Cet homme de cabinet se trouve mal à l'aise devant les revendications populaires, économiques autant que politiques ; il se montre malhabile à distinguer les vrais révolutionnaires des éléments douteux et provocateurs qui s'y mêlent incontestablement, mais auxquels il veut attribuer toute agitation. Ses réactions imprécises et sporadiques ne peuvent enrayer un désordre croissant qui lui fait horreur. Face aux troubles nés de la crise des subsistances, il ne réussit pas à instaurer une politique alimentaire cohérente. Ainsi, en quelques mois, le héros du serment du Jeu de Paume est devenu la bête noire des meneurs et des journalistes patriotes, notamment de Marat. Rien d'étonnant si le maire de Paris en vient vite à se montrer partisan de mesures répressives ; dès octobre 1789, il avait été, avec La Fayette, un des promoteurs du vote de la loi martiale ; le 17 juillet 1791, il s'empresse d'obéir aux ordres de l'Assemblée (qu'il a sollicités) et applique cette loi martiale en faisant tirer sur les pétitionnaires du Champ-de-Mars, qui étaient venus réclamer la déchéance de Louis XVI. Haï désormais de toute la gauche, impopulaire au plus haut point parmi les sans-culottes qui raillent cet intellectuel fourvoyé, tenu pour responsable de la « terreur tricolore » qui suivra la fusillade du Champ-de-Mars, Bailly est un homme politique fini, et il le sait. Dès le début de la Législative, il donne sa démission de maire, quitte Paris et se retire à Nantes.

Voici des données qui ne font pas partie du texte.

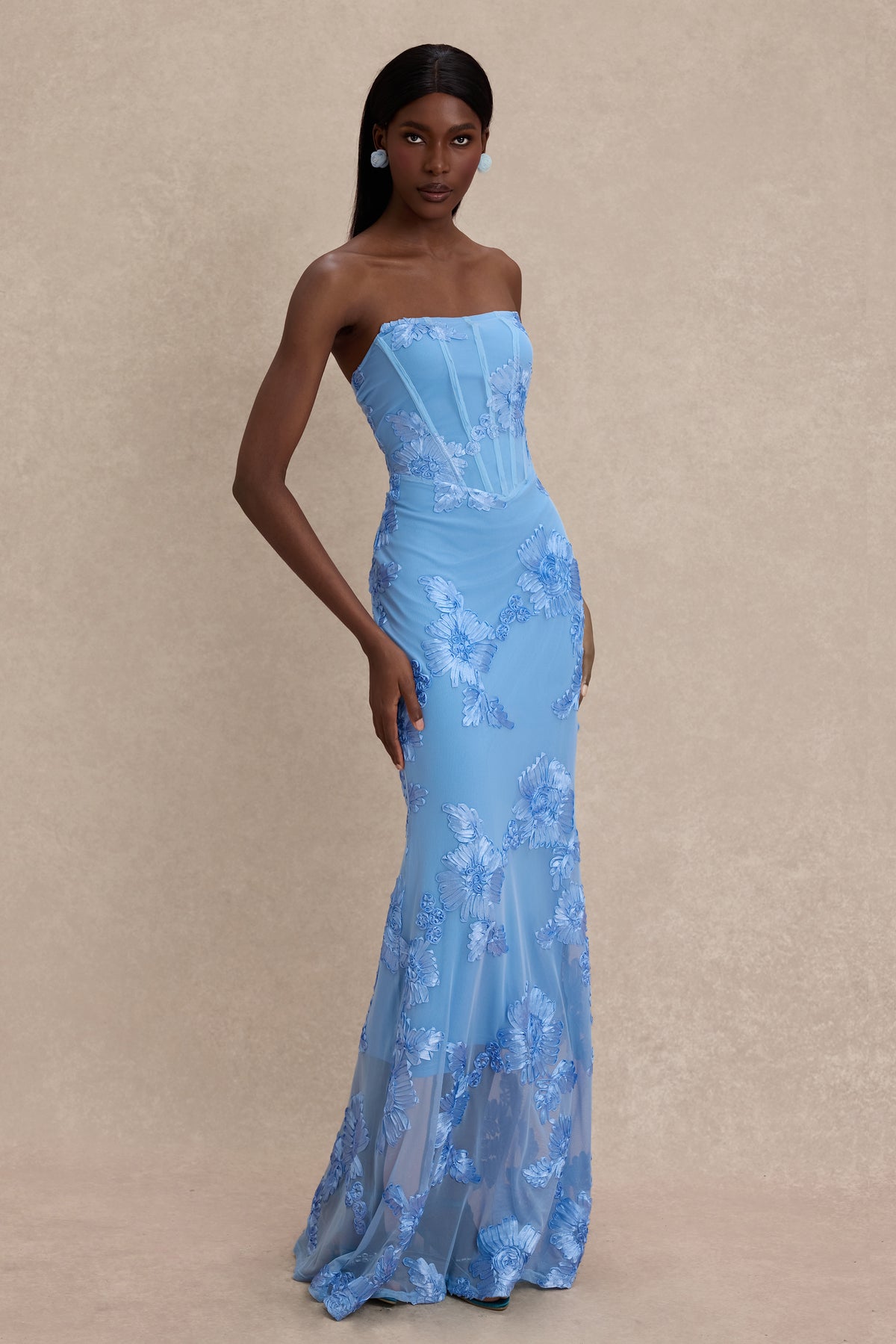 Strapless Floral Divine Mirage Mesh Maxi Dress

Lors de l'insurrection fédéraliste de 1793, il se réfugie chez Laplace à Melun. Arrêté, transféré à Paris, condamné à mort, il est exécuté en expiation du « crime du 17 juillet », le 21 brumaire an II (12 nov. 1793). Il fait preuve, devant la mort, d'un sang-froid et d'une sérénité qui avaient manqué à l'homme politique mais qui honorent en lui le grand homme de science.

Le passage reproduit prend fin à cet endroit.